A lively discussion soon erupts over the pluses and minuses of social media. The students touch on privacy, cyberbullying, false and true identity, and the quality of friendships sustained and snuffed on Instagram and SnapChat. They circle around the issue of trust and the risk of being shamed for secrets they’ve shared. Tiny freshmen hold their own with burly seniors, all of them tidily turned out in the school uniform of gray and navy with striped ties for both girls and boys. Welcome to the QUESTion Project, a semester-long elective designed to give adolescents a space in which to wrestle with big questions about who they are, where they are headed and what matters most in their journey through life.
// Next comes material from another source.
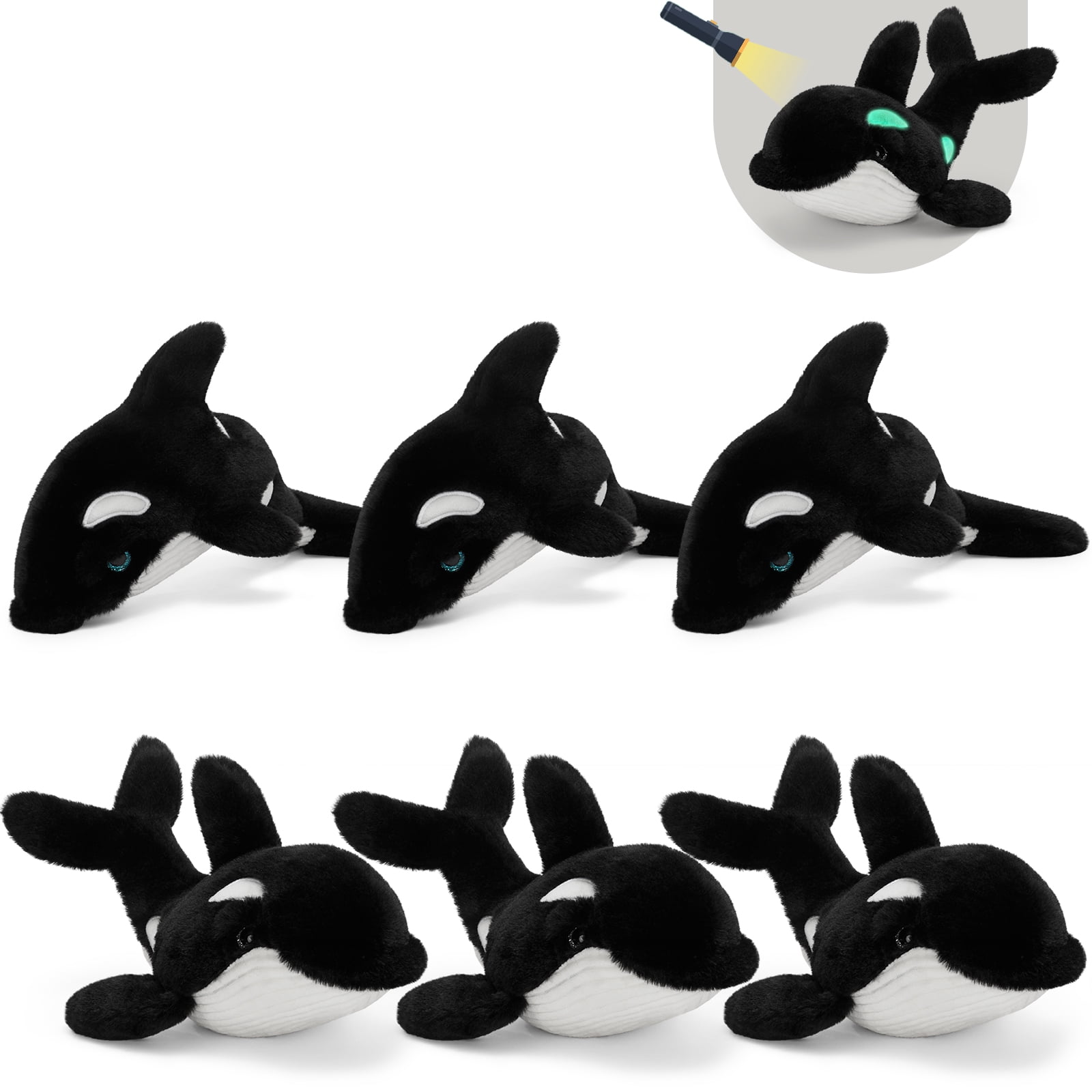 MorisMos Orca Stuffed Animal Bulk Glow in The Dark, 6 Pcs Killer Whale Plush Toy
The three-year-old program, now offered in six public schools (five in New York City and one in Los Angeles) is part of a movement within a movement. In the past decade or so, a growing number of schools have adopted curricula on social and emotional learning, including an emphasis on growth mindsets (as defined by psychologist Carol Dweck of Stanford) and developing a stick-to-it quality called grit (as explored by Angela Duckworth of the University of Pennsylvania). The QUESTion Project and like-minded programs such as the Future Project and Project Wayfinder focus on something a little more abstract and, arguably, profound: finding a sense of purpose.
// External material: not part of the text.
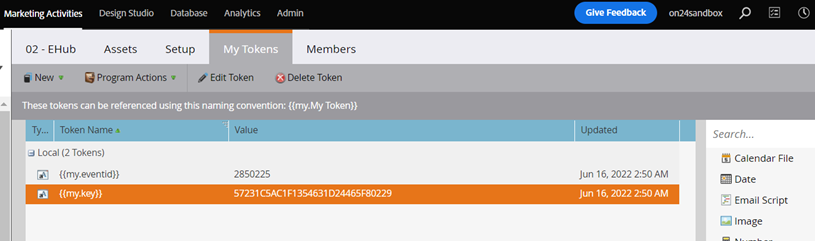 My Tokens Tab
Most young people and even most adults don’t have a purpose in their life.
Kendall Cotton Bronk, associate professor of psychology, Claremont Graduate University
Research and scholarship on “purpose” has gained momentum in recent years, converging from developmental psychology, moral philosophy, positive psychology and other directions. Its application to the world of adolescent education owes much to the work of Stanford psychologist William Damon, who, together with colleagues Jenni Menon and Kendall Cotton Bronk, developed this definition of purpose back in 2003: “A stable and generalized intention to accomplish something that is at once meaningful to the self and of consequence to the world beyond the self.”
While definitions vary a bit from study to study, researchers have linked a sense of purpose to lower levels of adolescent depression, less binge drinking and drug abuse, healthier habits such as exercising, and a greater commitment to schoolwork. Adults with a sense of purpose report greater satisfaction with life.
Unfortunately, research also suggests that purpose is rare. “Most young people and even most adults don’t have a purpose in their life,” says Bronk, now an associate professor of psychology at Claremont Graduate University in California. A 2009 study involving 237 young people found that only 17 percent of high school freshman have a sense of purpose, and just 23 percent of seniors do, though more than 40 percent of college students do.
Bronk and many others would like to figure out how to foster purpose in young people. The field is challenged, however, by difficulties in measuring this elusive quality. The “gold standard” is a 45-minute structured interview called the Revised Youth Purpose Interview. Obviously, that’s not terribly practical for doing large-scale studies involving many students.